As we untied Eagle’s Wing from her perch at the Harbortown Marina dock in Ft. Pierce, Fla., we noticed a dozen or more transient cruising boats in the facility. A strong easterly wind had been blowing for the previous ten days, kicking up a maelstrom in the Gulf Stream offshore and tossing a four- to six-foot swell against the narrow St. Lucie inlet that leads to the sea. Pinned, that was the word on the docks.

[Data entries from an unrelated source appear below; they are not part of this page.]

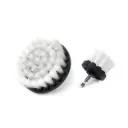 MAXSHINE DRILL UPHOLSTERY BRUSH SET SOFT 100mm & 50mm (Drill Attachment) Birste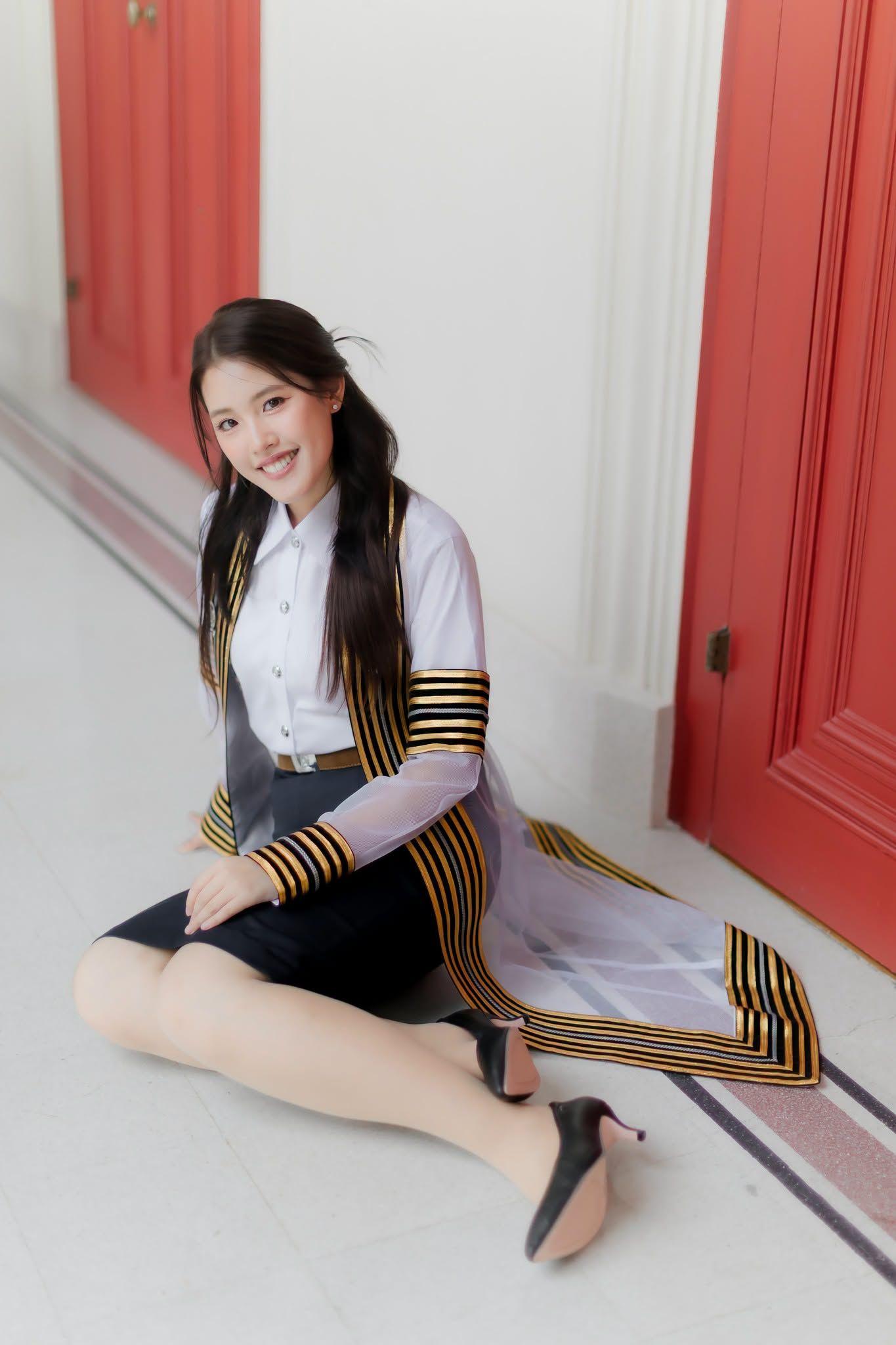 ผลงานรับปริญญา จุฬาลงกรณ์มหาวิทยาลัย โดย Tw1sted รับถ่ายภาพ ภาพที่ 11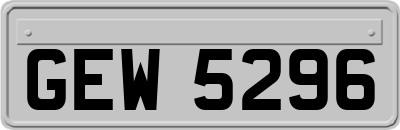 GEW5296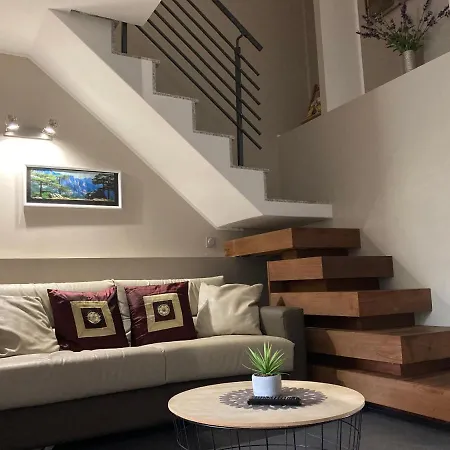 Дом отдыха Locations Au Centre-ville De Porto-vecchio Порто-Веккьо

We dropped the lines aboard the new Aerodyne 47 and motored toward the inlet, not knowing what to expect when we got to the narrow channel that leads seaward. The wind, topping 20 knots when we set out, diminished to 18 or so and the swell rolling into the channel remained steep but in no way impassable. With just the mainsail set and the motor humming, we punched into the swell making a steady 5.5 knots as we bucked our way out toward clear water.

As fate would have it, the engine overheated just as we cleared the last pair of bell buoys, stopping us short in the headwinds and seas. We threw the wheel over to starboard, and the 47-footer backed obediently on her large spade rudder as the bow fell off and we unrolled the jib. Within a minute we were surging ahead at 6.5 knots into five-foot waves and making good ground against 23 knots of apparent wind. Soon we were in deeper water and, with the wave train spreading out, Eagle’s Wing put her shoulder down and accelerated to 7.3 knots – all the while sailing at 40 degrees off the true wind.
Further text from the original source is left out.